Wir werden Technik brauchen
Auch wenn die Verheißung, dass das Internet Menschheitswissen fast kostenlos allen zugänglich machen werde, Computer eine rationelle Ökonomie und eine gerechte Verteilung möglich machen, arg lädiert ist – wir können auf beides nicht verzichten. Aus der Sackgasse der kapitalistischen Evolution kommen wir nur mit Algorithmen und menschlicher Intelligenz heraus. Wir werden Technik, auch die zur Überwachung und Planung, und automatisierte Prozesse brauchen, um die Engpässe der kommenden Jahrzehnte zu überwinden, um die Temperaturen und den Schwund von Fauna und Flora zu bremsen.
Und das heißt auch: Je komplexer und allumfassender die kapitalgetriebene Technik wird, desto klüger, urteilsfähiger und politisch aktiver müssten die Menschen werden, wenn wir uns noch als Individuen wiedererkennen wollen und nicht als Anhängsel von Apps und Algorithmen.

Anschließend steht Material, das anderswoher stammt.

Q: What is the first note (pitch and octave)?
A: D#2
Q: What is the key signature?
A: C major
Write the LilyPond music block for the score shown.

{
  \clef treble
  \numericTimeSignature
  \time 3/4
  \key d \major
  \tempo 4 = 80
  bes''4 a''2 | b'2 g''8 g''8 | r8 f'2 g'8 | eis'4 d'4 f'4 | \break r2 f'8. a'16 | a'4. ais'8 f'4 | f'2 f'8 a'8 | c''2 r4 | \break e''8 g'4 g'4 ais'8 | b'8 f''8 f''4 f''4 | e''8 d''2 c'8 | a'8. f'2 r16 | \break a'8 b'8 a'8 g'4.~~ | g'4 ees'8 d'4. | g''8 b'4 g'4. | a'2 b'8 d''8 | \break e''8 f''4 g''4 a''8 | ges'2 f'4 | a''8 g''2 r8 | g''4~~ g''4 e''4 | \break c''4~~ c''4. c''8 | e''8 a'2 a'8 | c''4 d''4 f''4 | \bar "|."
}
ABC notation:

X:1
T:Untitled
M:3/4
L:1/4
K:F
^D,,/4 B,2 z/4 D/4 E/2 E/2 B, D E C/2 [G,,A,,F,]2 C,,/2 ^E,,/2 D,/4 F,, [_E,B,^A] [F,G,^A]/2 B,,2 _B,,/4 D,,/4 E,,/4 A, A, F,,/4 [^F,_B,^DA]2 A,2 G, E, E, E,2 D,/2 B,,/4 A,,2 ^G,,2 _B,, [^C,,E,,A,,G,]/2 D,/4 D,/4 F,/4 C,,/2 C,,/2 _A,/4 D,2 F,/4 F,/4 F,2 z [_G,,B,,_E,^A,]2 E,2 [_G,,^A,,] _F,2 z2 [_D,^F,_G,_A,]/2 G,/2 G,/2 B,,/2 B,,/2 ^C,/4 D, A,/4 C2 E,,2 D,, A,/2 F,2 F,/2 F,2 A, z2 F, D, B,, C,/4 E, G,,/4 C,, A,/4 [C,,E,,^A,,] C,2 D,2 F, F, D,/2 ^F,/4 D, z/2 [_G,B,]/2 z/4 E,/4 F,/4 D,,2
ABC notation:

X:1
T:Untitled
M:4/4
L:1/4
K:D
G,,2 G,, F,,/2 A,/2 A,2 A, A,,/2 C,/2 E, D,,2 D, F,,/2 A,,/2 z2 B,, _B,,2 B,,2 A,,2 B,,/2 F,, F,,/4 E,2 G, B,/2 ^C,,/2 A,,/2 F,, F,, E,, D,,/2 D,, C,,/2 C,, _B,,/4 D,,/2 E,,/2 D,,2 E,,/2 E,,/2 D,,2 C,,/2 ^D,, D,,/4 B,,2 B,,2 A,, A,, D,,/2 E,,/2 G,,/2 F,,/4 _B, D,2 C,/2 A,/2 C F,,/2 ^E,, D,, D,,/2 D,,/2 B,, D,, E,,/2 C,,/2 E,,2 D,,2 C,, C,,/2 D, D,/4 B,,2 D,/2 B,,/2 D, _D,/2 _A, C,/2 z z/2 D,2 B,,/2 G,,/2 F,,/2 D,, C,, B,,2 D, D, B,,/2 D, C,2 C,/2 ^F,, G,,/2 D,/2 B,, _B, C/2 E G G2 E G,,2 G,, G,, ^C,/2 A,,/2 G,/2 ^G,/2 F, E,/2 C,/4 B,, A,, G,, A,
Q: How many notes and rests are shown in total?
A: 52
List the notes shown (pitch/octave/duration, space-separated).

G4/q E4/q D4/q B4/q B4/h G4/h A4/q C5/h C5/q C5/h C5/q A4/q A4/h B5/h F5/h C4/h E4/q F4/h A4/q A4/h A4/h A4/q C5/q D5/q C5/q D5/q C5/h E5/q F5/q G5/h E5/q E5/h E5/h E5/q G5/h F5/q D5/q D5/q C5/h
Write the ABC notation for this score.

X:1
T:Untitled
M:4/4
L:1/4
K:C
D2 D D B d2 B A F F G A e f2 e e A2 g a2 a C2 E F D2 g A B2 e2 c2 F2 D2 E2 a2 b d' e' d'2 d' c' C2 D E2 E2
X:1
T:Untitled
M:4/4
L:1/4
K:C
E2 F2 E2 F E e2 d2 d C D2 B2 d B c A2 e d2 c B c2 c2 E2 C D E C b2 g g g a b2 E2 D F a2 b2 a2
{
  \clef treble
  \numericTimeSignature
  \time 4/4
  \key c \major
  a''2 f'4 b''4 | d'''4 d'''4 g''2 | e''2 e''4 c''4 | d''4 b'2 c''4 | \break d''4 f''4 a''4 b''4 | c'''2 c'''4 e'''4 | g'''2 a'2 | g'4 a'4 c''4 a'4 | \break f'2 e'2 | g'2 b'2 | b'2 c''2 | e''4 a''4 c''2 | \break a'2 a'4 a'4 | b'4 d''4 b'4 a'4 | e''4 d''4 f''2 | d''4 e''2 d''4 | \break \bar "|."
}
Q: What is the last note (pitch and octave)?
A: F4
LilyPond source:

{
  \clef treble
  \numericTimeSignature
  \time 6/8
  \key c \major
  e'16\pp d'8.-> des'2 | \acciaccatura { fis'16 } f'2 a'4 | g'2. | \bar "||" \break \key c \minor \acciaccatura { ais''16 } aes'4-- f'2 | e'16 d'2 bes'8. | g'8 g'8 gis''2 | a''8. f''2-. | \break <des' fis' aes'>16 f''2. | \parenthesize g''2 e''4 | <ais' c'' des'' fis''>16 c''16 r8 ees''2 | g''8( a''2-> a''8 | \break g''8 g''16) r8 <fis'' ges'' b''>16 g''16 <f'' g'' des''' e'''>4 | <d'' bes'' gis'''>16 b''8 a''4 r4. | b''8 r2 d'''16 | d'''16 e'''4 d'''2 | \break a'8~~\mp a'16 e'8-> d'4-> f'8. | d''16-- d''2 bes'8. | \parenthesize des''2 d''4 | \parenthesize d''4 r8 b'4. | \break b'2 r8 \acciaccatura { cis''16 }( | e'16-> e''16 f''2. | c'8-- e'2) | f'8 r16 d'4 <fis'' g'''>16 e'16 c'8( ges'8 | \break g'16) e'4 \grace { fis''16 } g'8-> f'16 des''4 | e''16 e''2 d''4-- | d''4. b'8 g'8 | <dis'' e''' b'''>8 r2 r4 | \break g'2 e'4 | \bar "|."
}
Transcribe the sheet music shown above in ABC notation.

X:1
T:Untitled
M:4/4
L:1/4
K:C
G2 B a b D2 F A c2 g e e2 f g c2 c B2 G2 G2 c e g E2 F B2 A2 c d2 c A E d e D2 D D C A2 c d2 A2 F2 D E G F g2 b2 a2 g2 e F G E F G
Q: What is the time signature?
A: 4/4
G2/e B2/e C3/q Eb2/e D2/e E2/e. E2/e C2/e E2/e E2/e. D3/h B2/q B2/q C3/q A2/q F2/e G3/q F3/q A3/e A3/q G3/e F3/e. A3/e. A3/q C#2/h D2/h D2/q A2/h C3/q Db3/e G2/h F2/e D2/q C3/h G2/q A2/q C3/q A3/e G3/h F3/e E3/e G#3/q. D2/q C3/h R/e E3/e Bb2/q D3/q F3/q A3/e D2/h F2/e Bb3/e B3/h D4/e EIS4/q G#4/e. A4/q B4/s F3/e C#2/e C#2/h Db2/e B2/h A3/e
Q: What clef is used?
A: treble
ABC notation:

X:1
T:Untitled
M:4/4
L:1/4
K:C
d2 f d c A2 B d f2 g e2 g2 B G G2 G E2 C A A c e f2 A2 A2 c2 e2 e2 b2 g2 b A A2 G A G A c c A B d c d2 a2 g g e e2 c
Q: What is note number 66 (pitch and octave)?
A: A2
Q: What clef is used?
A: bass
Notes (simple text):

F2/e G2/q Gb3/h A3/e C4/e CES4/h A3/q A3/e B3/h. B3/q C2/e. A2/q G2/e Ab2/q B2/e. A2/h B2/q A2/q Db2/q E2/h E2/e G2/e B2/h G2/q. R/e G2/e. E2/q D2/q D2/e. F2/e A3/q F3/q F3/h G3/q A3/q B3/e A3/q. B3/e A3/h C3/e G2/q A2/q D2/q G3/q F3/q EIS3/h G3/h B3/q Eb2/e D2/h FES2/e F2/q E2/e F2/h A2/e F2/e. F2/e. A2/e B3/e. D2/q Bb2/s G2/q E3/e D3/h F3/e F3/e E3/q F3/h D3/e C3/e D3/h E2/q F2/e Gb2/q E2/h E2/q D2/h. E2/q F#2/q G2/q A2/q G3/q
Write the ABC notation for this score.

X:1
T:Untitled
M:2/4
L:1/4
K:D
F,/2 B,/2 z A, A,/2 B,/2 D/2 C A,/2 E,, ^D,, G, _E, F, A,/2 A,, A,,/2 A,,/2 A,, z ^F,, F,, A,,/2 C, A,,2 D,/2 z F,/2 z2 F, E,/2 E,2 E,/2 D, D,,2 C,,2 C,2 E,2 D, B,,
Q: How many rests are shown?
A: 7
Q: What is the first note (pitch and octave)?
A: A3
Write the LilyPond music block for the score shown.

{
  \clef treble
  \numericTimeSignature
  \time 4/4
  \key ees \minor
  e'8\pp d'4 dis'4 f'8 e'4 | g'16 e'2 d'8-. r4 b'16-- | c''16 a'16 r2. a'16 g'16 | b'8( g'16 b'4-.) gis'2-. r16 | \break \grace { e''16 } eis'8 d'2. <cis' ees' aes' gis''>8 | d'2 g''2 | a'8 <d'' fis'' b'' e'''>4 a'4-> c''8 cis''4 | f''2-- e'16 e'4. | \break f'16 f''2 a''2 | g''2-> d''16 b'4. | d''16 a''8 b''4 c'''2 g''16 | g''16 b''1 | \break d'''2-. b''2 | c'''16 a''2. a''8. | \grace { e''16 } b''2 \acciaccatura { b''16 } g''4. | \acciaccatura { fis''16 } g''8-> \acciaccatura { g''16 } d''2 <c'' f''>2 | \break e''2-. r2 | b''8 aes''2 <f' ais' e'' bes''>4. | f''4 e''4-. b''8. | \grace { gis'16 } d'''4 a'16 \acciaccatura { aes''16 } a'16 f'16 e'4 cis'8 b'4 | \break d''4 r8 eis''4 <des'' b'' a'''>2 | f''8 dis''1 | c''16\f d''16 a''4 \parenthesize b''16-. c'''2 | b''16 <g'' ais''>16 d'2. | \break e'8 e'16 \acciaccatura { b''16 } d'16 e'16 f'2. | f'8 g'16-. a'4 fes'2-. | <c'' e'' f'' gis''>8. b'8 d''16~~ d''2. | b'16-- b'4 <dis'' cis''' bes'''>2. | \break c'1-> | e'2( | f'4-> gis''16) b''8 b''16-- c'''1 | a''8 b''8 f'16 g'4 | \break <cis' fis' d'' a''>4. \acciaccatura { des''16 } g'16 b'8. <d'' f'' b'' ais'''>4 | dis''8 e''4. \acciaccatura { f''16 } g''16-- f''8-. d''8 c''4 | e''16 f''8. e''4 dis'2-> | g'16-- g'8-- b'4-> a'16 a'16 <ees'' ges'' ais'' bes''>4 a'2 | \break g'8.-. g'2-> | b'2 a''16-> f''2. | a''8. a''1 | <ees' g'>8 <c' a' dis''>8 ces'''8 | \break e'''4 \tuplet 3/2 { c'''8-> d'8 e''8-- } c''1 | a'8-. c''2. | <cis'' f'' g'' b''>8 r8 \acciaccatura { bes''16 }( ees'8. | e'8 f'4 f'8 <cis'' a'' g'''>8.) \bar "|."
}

Und umso aufgeklärter müssen Politiker sein, vor allem aber: durchsetzungsstark gegen die techno-kapitalistischen Oligarchen.
Das Zauberwort heißt Bildung. Auch die vorige große Epochenwende, hin zur bürgerlichen Gesellschaft und zum industriellen Kapitalismus, ging einher mit einer Bildungsrevolution. Angesichts einer erneuten Steigerung der manuellen und intellektuellen Fähigkeiten des Menschen durch ihre Automatisierung geht es darum, die technische, digitale, historische, literarische und anthropologische – kurz und knapp: die umfassende polytechnische und humanistische – Bildung zu steigern, und dazu die Motivation, die eigenen Leben nicht aus der Hand zu geben, sondern aktiv zu gestalten.
Wo bleibt der Bildungsprotest?
Die Forderung von „Bildung“ und nicht nur von Wissen für alle ist so alt wie die Neuzeit, aber heute geht es dabei, in den Politsprüchen und bei den Kapitalliberalen, eigentlich nur um Fachkräfteeinwanderung oder um „Startchancen“ – also um Rekrutierungshilfen für die Exportwirtschaft und zwei Lehrer für die schlechtesten 10 Prozent der allgemeinbildenden Schulen. Ein wirklicher Bildungswumms aber dürfte unter 100 Milliarden Euro nicht zu haben sein.
Das wäre ein schöner Anfang, aber mehr auch nicht. Um die Bildungsausgaben um 30 Prozent zu steigern, bräuchte es 50 Milliarden Euro – jedes Jahr. Das ist nicht viel, es entspräche einer rund einprozentigen Steuer auf die Nettovermögen der Deutschen: eine Bildungssteuer, damit das Land vermögend bleibt – und Kinder die Chance haben, zu Bürgern zu werden, auch im Zeitalter der künstlichen Intelligenz.
Warum das nicht möglich ist, obwohl es doch alle wissen und es durchargumentiert ist bis zum Abwinken? „Solange nicht jede Woche 10.000 Eltern und Lehrer in jedem Bundesland vor den Schulministerien demonstrieren, wird nichts geschehen, aber ich glaube, das würde etwas ändern.“ Das sagte kürzlich Michel Friedman auf der lit.cologne. Er fügte hinzu: Solange sie das nicht machen, werfen sie bitte nicht mit Dreck auf die da oben.